■ **Description of the task**
Your answer must be an exact retyping of the line containing "にんじんで元気！さわらのキャロットスープ作り方5写真" and every line after it through the end of the records below, with no pictures and nothing else.

(Records from a data source)
..............................

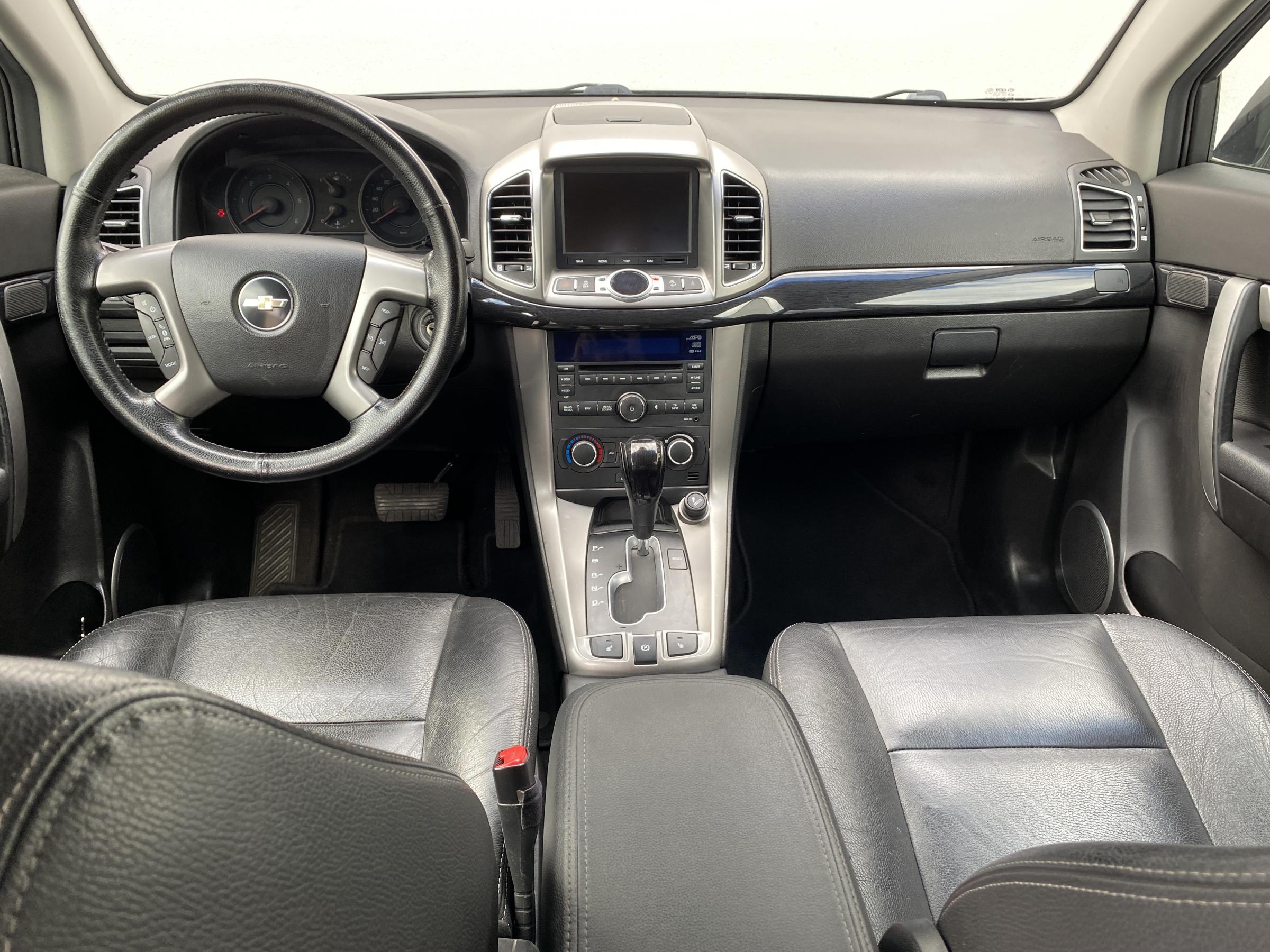 Chevrolet Captiva, 2012 - pohled č. 8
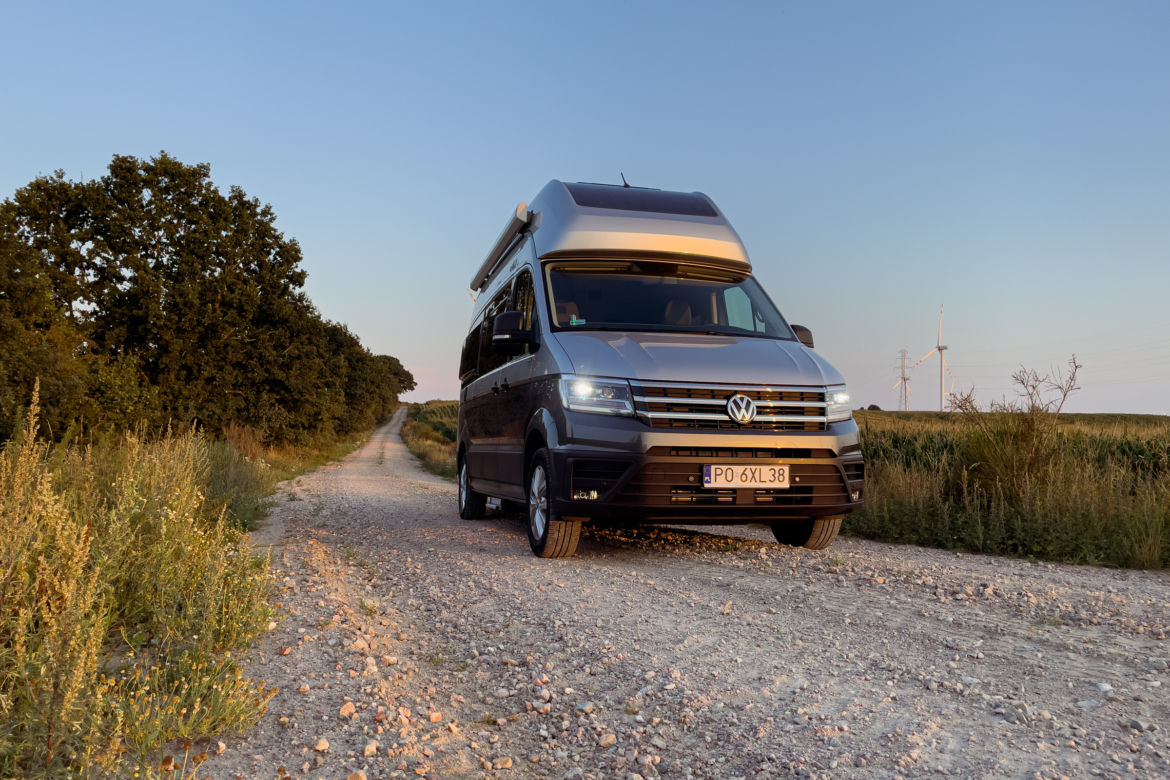 Volkswagen Grand California 2022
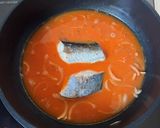 にんじんで元気！さわらのキャロットスープ作り方5写真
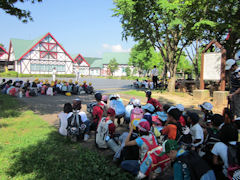 丹波地区緑の少年団交流集会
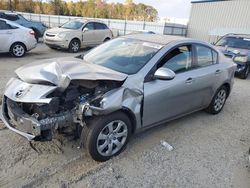 Mazda 3 salvage cars for sale: 2012 Mazda 3 I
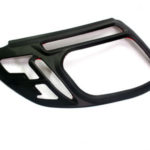 Ford Ranger 2012-2015 Matt Black Headlight Trim-0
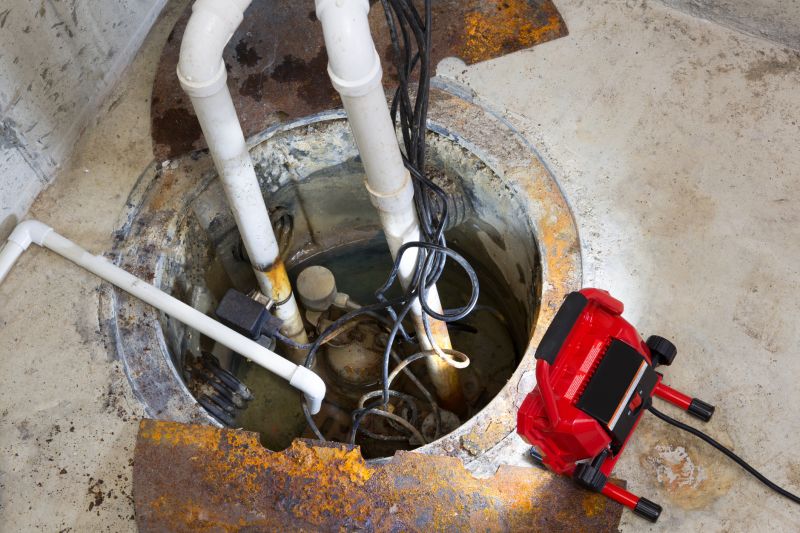 Sump Pump Relocation in Framingham, MA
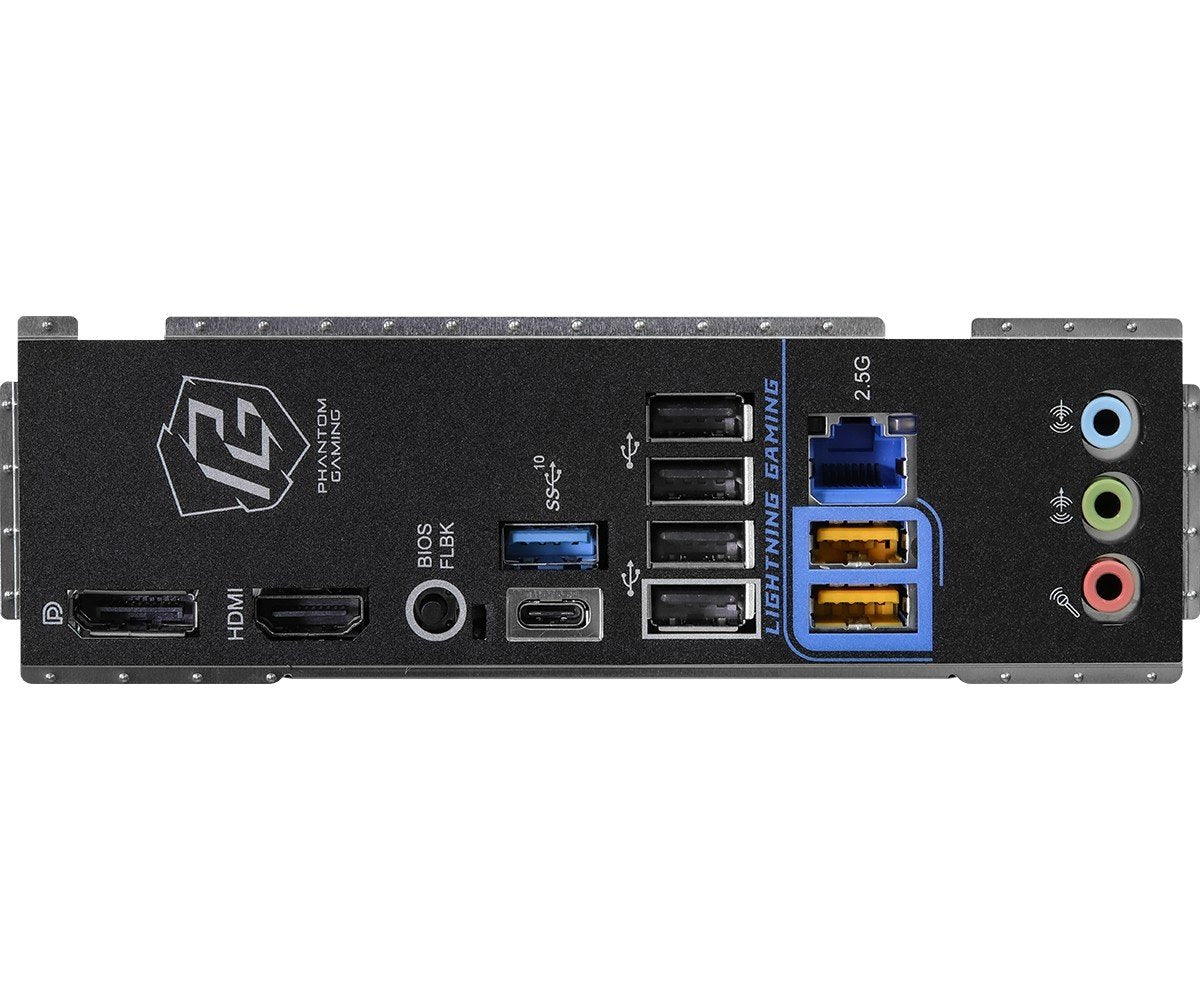 Asrock B650M PG Riptide AMD B650 Emplacement AM5 micro ATX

..............................

■ **Finished exercise**
 にんじんで元気！さわらのキャロットスープ作り方5写真
 丹波地区緑の少年団交流集会
 Mazda 3 salvage cars for sale: 2012 Mazda 3 I
 Ford Ranger 2012-2015 Matt Black Headlight Trim-0
 Sump Pump Relocation in Framingham, MA
 Asrock B650M PG Riptide AMD B650 Emplacement AM5 micro ATX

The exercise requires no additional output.